Bucharest’s Cervantes Institute will host on Thursday, June 11, at 7 p.m., a debate titled “El Levante, una reconstruccion de los estilos poeticos rumanos,” focusing on the Spanish-language edition of Mircea Cartarescu’s “Levantul,” an edition published in February by Impedimenta, the prestigious Madrid-based publishing house. The book was translated by Marian Ochoa de Eribe and its prologue is signed by poet Carlos Pardo. “El Levante” received an extraordinarily warm welcome from literary critics immediately after being published, as well as unanimously positive reviews in the Spanish and South American press.
Apart from Mircea Cartarescu, the event will be attended by Marian Ochoa de Eribe, Impedimenta Publishing House Director Enrique Redel, Humanitas Publishing House Director Lidia Bodea and Cervantes Institute Director Rosa Maria Moro de Andres. The debate will be followed by a book-signing session at the Humanitas Library at Cismigiu.

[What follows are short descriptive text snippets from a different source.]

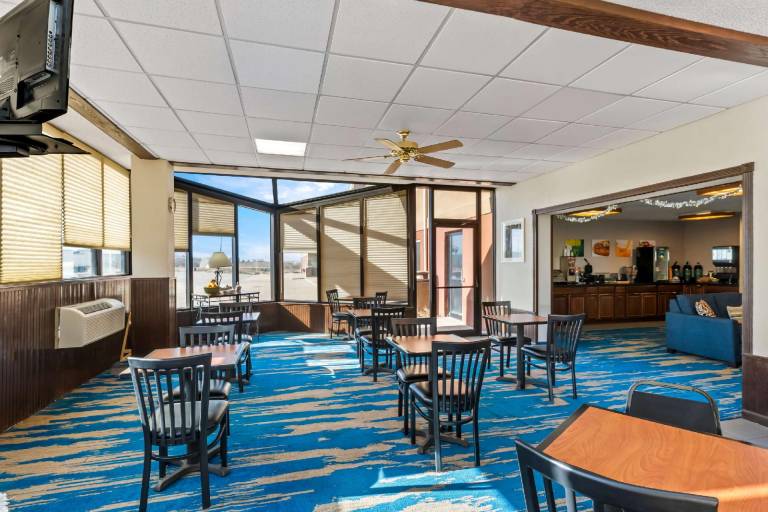 Quality Inn Sidney I-80 — photo 4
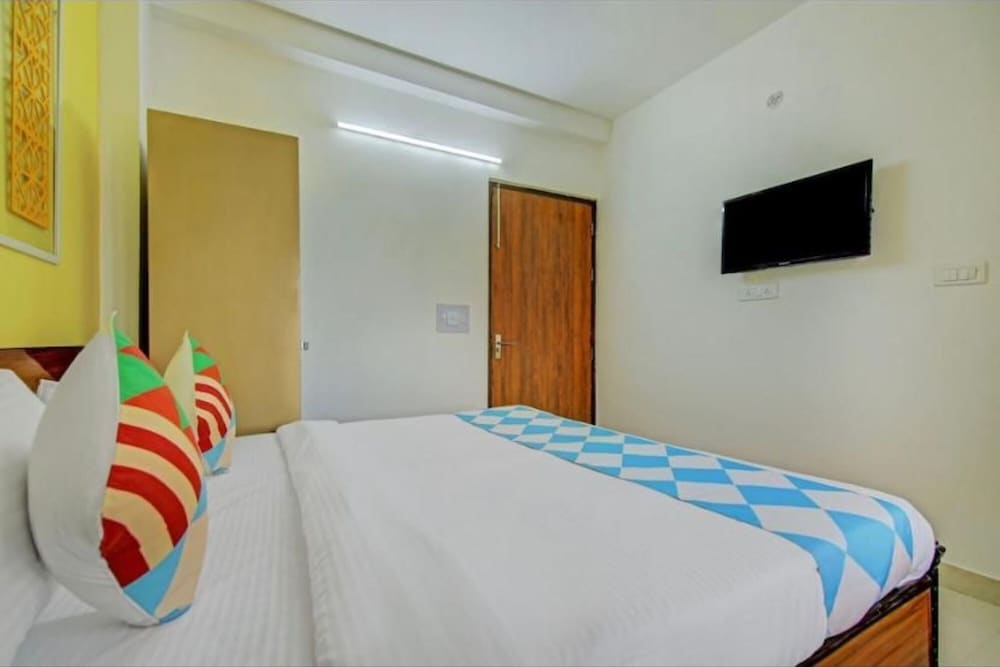 Green Orbit Hotel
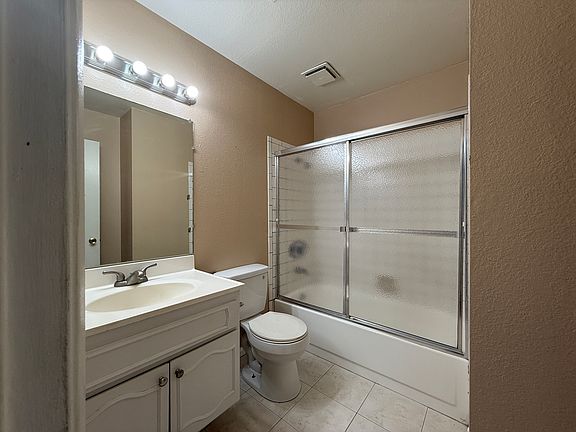 4th image of 1029 Willow Tree Dr Unit C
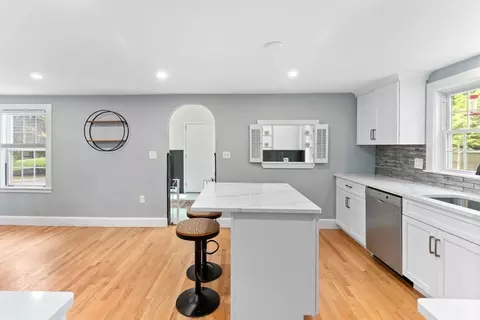 Kitchen - 10 Forrest Rd, Walpole, MA 02081 photo 4 of 6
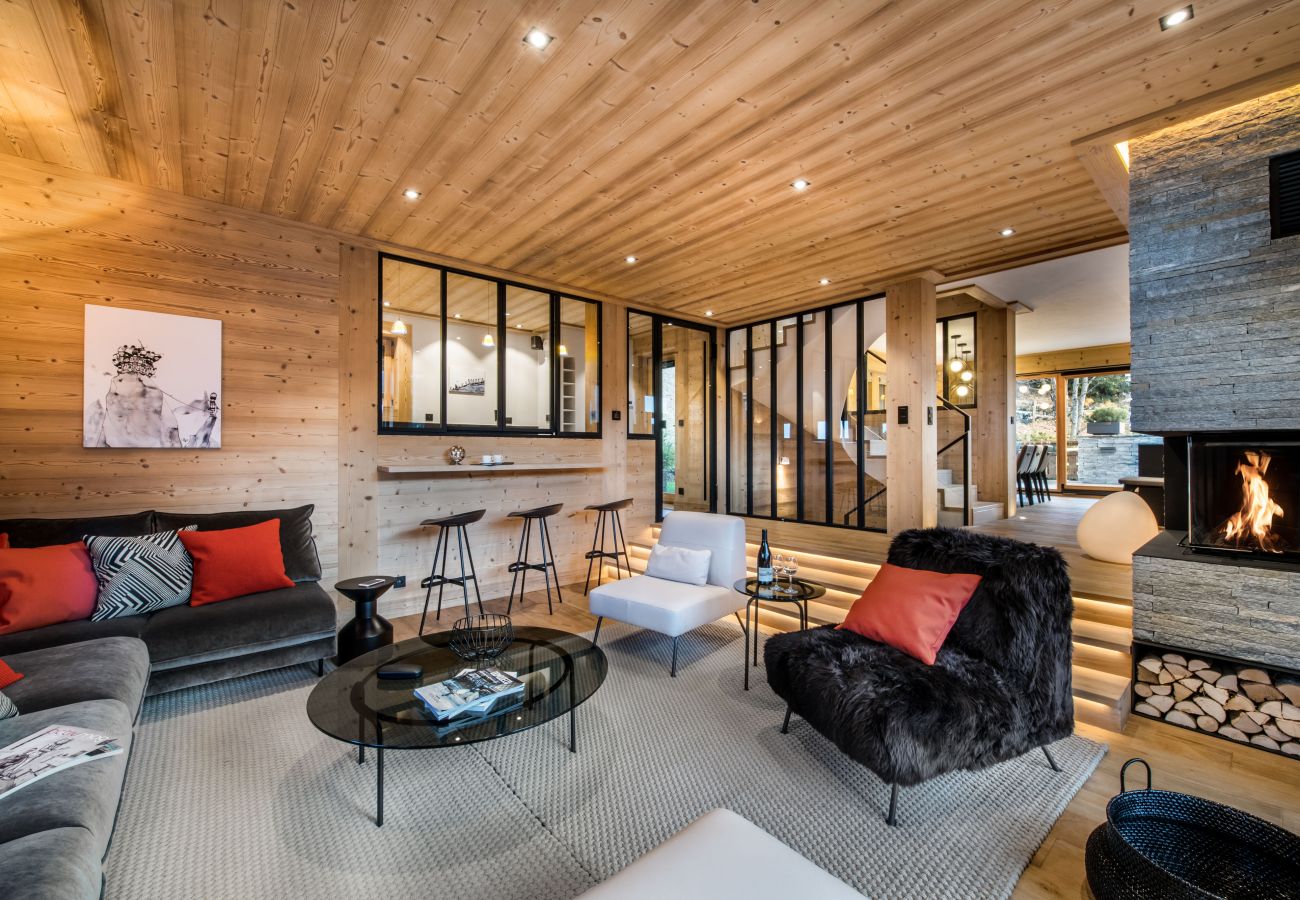 Chalet in Les Allues - Winter Méribel // Chalet Exception SKI IN OUT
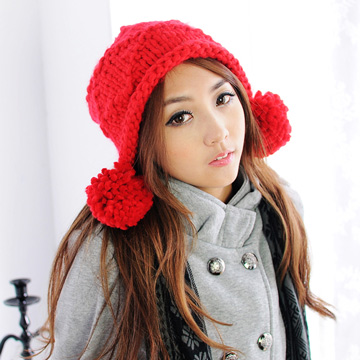 Aimee Toff 可愛百搭樂園球球毛線帽(紅)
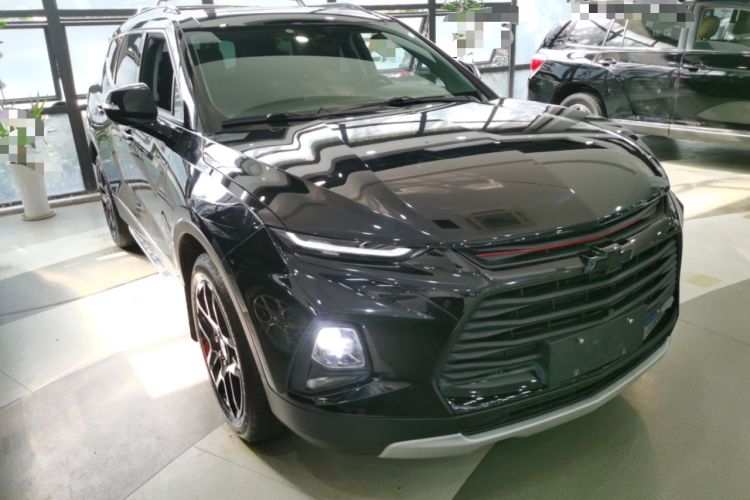 Used Chevrolet Blazer 2020 Redline 650T 7-Seater Ting Edition Front Right 45 Deg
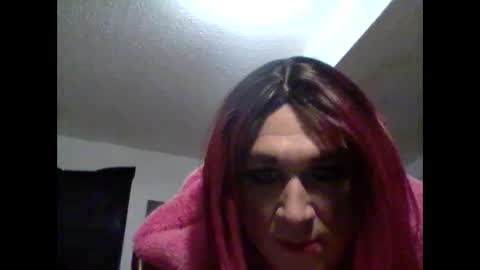 nadia_crivello online show from 01.08.25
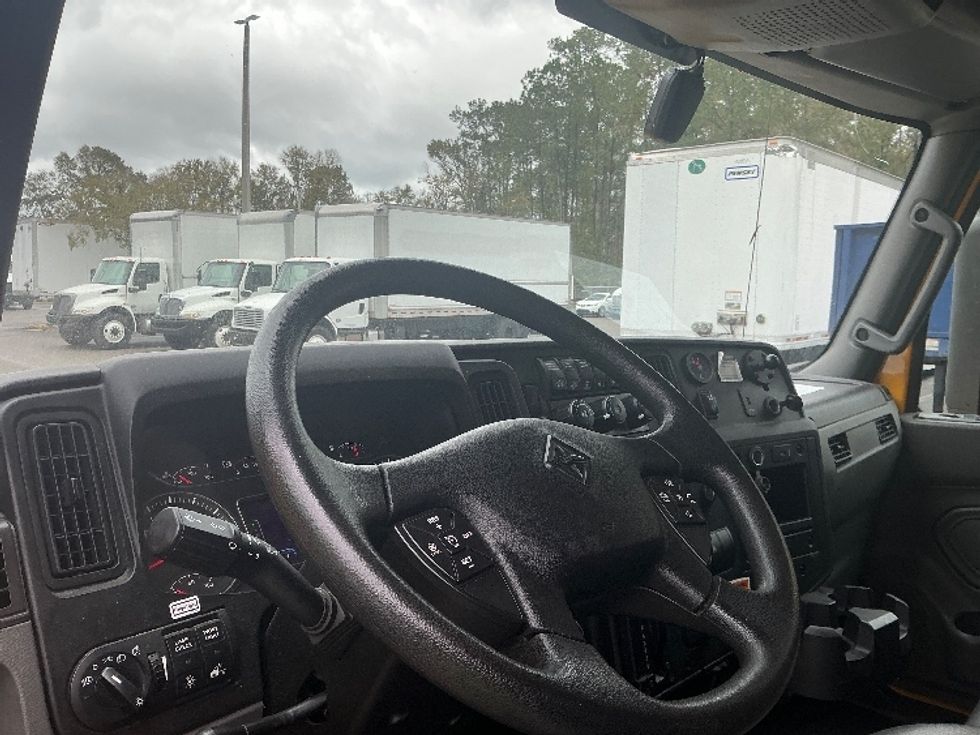 Medium Duty Box Truck-Light and Medium Duty Trucks-International-2022-MV607-Medley-FL-120,220\n\t\tmiles-$ 64,250 - Image 17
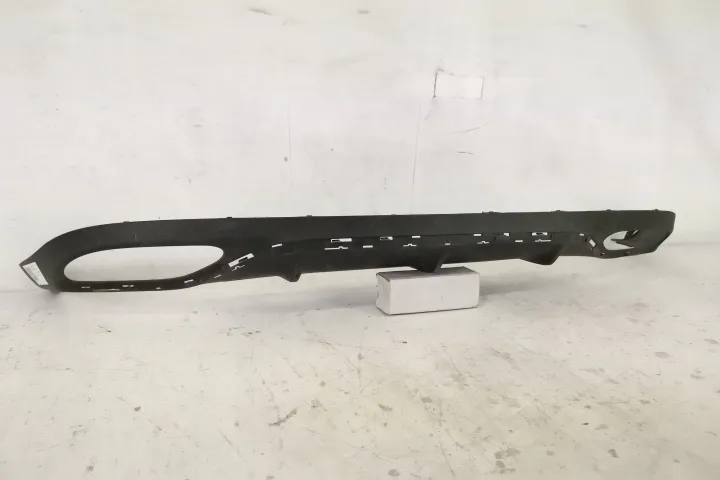 Spoiler Fusta Bara Spate Original In Stare Buna AMG Mercedes-Benz  E-C - Foto 2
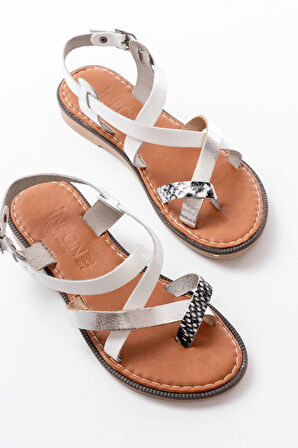 205-08 Beyaz Garni  Ortopedik Hakiki Deri Kadın Sandalet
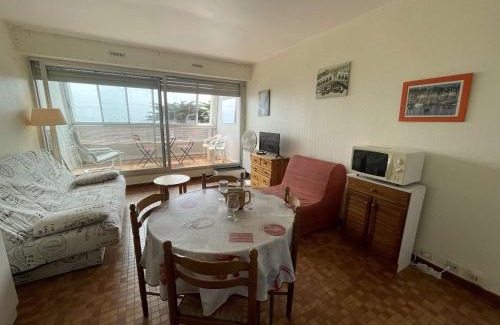 Saint-Jean-de-Monts Apartment | Studio 2-3 pers bord de mer avec parking privé - FR-1-224C-491
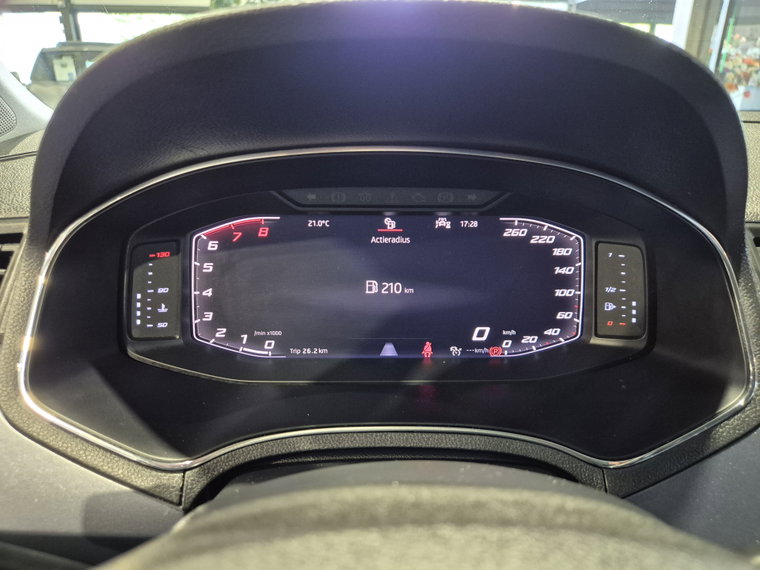 Vehicle Image 38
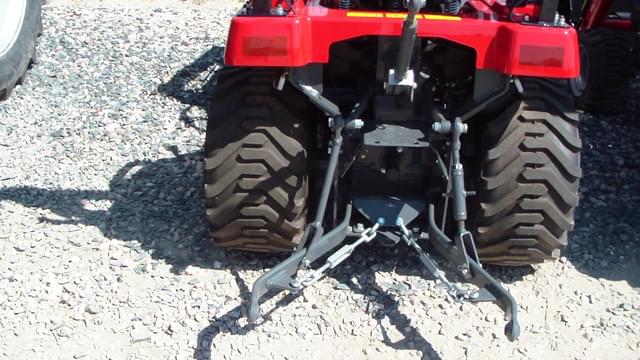 Image of Massey Ferguson GC1705 equipment image 2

“If asked to recommend a single one of these books, I would unhesitatingly recommend El Levante because it’s an impossible book. It’s a book that could not have been written by anyone else except Cartarescu himself. As Marian Ochoa de Eribe, its excellent translator, explained in an interview, the book published in Spain is based on a Romanian translation that Cartarescu decided to come up with when realizing that his original Levantul, written entirely in verse and dotted with references to Romanian literature, was untranslatable. In order to ease its translation and circulation in other languages, he transferred most of the text in prose, and so the book lost its most experimental part indebted to James Joyce’s “The Oxen of the Sun” chapter in “Ulysses.” However, in what concerns this indebtedness to tradition, while Joyce was listing the narrative styles in English literature, Cartarescu reconstructs poetic styles in Romanian literature,” writer, poet and critic Vincente Luis Mora wrote.